Copper retreated with other metals – after jumping almost 3% in London on Tuesday — amid a lack of clarity on the economic growth outlook. Banks from Citigroup Inc. to Goldman Sachs Group Inc. expect copper to rally past $10,000 a ton in the coming months as global demand improves and supply remains tight. The metal has been trading near $9,000 a ton over the past month. Copper fell 0.5% to $9,005 a ton at 12:23 p.m. in Shanghai after closing at the highest since March 22 on Tuesday. The metal is up around 16% this year. Aluminum, nickel and lead also declined.
The surge in steel futures paused as investors weighed China’s push to curb pollution with signs of robust demand. The world’s biggest steel producer has implemented a slew of measures to rein in the sector’s carbon emissions. In the latest sign of a tougher approach, authorities in the steel- making hub of Tangshan asked mills to conduct comprehensive checks on facilities and procedures to address environmental issues, China Metallurgical News reported Tuesday.
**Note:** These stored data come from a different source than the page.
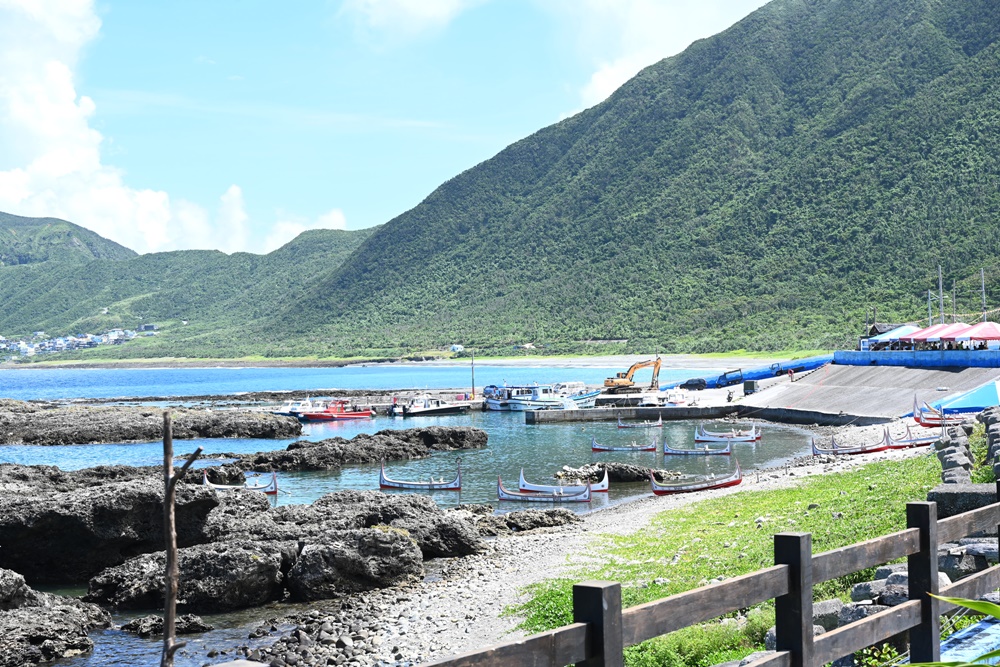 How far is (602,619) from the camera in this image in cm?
395

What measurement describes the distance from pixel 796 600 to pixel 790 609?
0.08 m

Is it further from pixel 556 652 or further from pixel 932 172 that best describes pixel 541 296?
pixel 556 652

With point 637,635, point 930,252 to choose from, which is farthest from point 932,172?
point 637,635

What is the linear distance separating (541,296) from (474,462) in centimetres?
14184

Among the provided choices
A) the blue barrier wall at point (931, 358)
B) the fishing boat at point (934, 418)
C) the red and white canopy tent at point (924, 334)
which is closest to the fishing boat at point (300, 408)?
the blue barrier wall at point (931, 358)

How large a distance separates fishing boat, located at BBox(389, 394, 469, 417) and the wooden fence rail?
240 ft

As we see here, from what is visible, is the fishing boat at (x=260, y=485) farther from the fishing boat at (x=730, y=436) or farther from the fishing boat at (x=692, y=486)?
the fishing boat at (x=730, y=436)

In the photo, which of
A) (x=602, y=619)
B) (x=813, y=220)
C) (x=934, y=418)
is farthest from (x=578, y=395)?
(x=813, y=220)

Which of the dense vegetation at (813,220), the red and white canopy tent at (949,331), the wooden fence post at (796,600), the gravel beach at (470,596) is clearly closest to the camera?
the wooden fence post at (796,600)

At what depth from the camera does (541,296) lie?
18888cm

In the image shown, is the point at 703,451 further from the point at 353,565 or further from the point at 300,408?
the point at 300,408

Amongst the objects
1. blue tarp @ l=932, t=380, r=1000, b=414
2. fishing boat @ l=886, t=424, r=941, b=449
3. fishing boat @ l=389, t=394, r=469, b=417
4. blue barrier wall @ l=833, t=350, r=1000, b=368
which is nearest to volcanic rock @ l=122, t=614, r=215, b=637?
fishing boat @ l=886, t=424, r=941, b=449

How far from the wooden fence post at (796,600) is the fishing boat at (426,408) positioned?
245 ft

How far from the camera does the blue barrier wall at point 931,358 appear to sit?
52375 millimetres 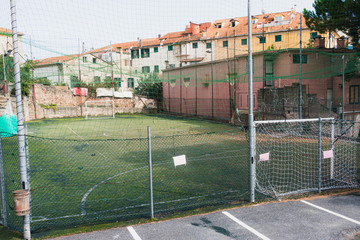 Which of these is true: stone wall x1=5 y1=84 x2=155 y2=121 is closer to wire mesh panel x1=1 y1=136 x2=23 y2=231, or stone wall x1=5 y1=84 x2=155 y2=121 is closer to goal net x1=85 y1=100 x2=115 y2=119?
goal net x1=85 y1=100 x2=115 y2=119

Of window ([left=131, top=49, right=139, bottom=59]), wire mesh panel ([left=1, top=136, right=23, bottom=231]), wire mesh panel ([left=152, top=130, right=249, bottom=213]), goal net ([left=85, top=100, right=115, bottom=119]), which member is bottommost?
wire mesh panel ([left=152, top=130, right=249, bottom=213])

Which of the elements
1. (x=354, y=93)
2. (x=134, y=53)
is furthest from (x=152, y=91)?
(x=354, y=93)

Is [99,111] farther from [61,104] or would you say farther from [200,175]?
[200,175]

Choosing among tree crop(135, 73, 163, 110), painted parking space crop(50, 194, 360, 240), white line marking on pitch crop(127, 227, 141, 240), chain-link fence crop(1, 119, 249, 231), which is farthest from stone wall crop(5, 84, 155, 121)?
white line marking on pitch crop(127, 227, 141, 240)

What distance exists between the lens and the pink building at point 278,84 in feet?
63.7

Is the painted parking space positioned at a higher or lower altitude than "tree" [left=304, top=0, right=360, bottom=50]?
lower

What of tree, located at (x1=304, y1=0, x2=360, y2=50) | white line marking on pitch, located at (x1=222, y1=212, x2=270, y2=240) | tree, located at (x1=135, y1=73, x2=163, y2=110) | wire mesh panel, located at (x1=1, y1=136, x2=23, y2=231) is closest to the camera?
white line marking on pitch, located at (x1=222, y1=212, x2=270, y2=240)

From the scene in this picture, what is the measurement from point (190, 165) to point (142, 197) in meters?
3.59

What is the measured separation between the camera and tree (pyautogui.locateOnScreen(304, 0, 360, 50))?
18.6m

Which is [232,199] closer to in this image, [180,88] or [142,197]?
[142,197]

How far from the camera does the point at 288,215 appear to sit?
19.5 ft

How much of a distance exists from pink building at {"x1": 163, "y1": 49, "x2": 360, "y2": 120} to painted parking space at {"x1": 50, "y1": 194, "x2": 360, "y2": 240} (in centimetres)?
1214

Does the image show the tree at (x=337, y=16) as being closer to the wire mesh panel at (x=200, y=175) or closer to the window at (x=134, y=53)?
the wire mesh panel at (x=200, y=175)

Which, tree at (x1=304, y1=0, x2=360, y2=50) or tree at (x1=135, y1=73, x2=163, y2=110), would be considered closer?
tree at (x1=304, y1=0, x2=360, y2=50)
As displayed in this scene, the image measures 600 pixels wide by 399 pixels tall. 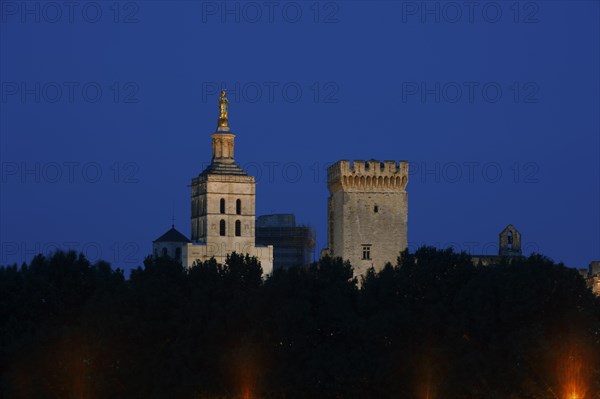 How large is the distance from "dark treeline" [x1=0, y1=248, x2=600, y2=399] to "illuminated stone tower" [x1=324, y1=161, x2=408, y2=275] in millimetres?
32580

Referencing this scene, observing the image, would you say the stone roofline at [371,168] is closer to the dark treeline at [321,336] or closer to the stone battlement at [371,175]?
the stone battlement at [371,175]

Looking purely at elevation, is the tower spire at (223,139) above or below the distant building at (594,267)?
above

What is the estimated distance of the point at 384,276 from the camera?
9631 cm

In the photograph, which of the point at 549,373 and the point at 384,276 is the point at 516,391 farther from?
the point at 384,276

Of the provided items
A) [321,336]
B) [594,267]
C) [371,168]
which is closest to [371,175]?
[371,168]

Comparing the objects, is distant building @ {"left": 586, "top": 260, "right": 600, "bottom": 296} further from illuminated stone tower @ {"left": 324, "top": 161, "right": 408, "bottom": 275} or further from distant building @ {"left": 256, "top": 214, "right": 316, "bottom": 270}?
distant building @ {"left": 256, "top": 214, "right": 316, "bottom": 270}

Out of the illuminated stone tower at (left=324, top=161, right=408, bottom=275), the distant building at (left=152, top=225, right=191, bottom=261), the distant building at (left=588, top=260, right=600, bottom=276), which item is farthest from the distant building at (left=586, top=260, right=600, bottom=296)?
the distant building at (left=152, top=225, right=191, bottom=261)

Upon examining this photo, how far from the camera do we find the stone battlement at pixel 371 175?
135m

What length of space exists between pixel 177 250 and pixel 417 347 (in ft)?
202

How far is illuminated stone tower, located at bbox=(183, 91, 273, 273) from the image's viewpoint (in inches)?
5856

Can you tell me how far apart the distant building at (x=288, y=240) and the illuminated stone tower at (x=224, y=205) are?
462 inches

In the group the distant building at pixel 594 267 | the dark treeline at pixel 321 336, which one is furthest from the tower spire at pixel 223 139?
the dark treeline at pixel 321 336

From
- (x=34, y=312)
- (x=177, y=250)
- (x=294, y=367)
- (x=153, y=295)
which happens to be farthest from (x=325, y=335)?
(x=177, y=250)

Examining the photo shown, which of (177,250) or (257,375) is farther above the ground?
(177,250) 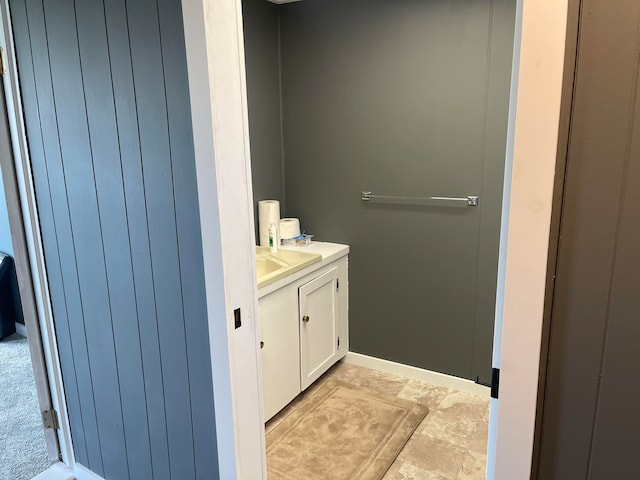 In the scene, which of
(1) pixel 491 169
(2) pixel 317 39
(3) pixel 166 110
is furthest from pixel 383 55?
(3) pixel 166 110

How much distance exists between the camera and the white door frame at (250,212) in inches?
31.1

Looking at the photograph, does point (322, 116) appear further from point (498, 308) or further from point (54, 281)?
point (498, 308)

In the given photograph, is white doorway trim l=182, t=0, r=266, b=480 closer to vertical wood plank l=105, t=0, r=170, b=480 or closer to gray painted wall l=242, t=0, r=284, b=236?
vertical wood plank l=105, t=0, r=170, b=480

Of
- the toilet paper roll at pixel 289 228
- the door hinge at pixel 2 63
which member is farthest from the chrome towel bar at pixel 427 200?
the door hinge at pixel 2 63

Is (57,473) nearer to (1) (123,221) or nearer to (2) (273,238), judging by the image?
(1) (123,221)

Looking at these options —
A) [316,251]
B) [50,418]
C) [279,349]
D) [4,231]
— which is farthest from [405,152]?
[4,231]

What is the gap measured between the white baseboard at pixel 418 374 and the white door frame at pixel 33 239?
1691 mm

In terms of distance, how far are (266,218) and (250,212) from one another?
1.47m

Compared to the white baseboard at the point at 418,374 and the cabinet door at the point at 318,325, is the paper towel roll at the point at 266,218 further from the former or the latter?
the white baseboard at the point at 418,374

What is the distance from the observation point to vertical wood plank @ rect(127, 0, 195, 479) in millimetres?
1297

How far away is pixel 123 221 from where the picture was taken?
1.53m

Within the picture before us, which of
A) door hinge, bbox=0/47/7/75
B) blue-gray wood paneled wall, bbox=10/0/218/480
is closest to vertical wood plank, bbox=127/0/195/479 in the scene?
blue-gray wood paneled wall, bbox=10/0/218/480

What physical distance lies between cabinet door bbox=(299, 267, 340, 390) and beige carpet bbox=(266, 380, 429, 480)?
0.16 metres

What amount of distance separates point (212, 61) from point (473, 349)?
217 centimetres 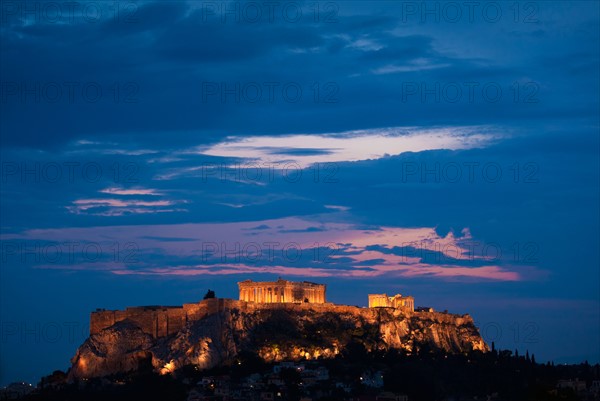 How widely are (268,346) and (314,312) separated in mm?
7682

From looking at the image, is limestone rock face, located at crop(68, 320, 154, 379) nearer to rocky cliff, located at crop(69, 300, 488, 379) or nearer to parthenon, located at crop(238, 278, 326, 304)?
rocky cliff, located at crop(69, 300, 488, 379)

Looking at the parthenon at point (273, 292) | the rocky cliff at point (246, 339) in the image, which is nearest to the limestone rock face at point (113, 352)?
the rocky cliff at point (246, 339)

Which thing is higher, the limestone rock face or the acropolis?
the acropolis

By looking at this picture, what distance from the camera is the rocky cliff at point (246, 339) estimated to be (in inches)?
3964

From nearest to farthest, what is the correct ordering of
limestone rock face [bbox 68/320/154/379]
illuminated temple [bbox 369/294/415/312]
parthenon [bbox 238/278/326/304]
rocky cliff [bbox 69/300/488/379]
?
rocky cliff [bbox 69/300/488/379] → limestone rock face [bbox 68/320/154/379] → parthenon [bbox 238/278/326/304] → illuminated temple [bbox 369/294/415/312]

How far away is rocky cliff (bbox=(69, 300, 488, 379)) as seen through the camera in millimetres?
100688

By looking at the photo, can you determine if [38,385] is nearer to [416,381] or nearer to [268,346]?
[268,346]

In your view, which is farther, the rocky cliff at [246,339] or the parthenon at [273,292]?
the parthenon at [273,292]

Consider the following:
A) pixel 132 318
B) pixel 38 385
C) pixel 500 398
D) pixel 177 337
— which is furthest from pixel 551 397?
pixel 38 385

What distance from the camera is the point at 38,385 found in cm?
10994

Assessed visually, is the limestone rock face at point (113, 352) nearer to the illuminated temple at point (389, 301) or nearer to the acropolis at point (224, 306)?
the acropolis at point (224, 306)

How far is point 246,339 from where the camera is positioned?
101500 mm

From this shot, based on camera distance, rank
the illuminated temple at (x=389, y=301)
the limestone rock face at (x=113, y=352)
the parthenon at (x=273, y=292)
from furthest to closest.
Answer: the illuminated temple at (x=389, y=301), the parthenon at (x=273, y=292), the limestone rock face at (x=113, y=352)

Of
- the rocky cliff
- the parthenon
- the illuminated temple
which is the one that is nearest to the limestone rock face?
the rocky cliff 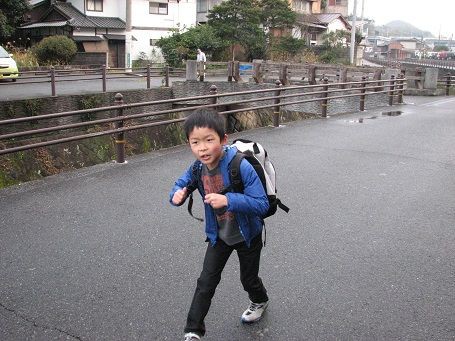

Iron ore futures in Singapore rose as much as 1.5% to $164 a ton before trading at $163.25 by 11:27 a.m. local time. Prices in Dalian jumped more than 2%.
Some key events to watch this week:

  • The 2021 Spring Meetings of the International Monetary Fund and the World Bank Group take place virtually. U.S. Treasury Secretary Janet Yellen is among the participants of a climate discussion on Tuesday. Federal Reserve Chairman Jerome Powell takes part in a panel about the global economy on Thursday.
  • The Fed publishes minutes from its March meeting on Wednesday.
  • Japan releases its balance of payments numbers Thursday.
  • China’s consumer and producer prices data are due Friday.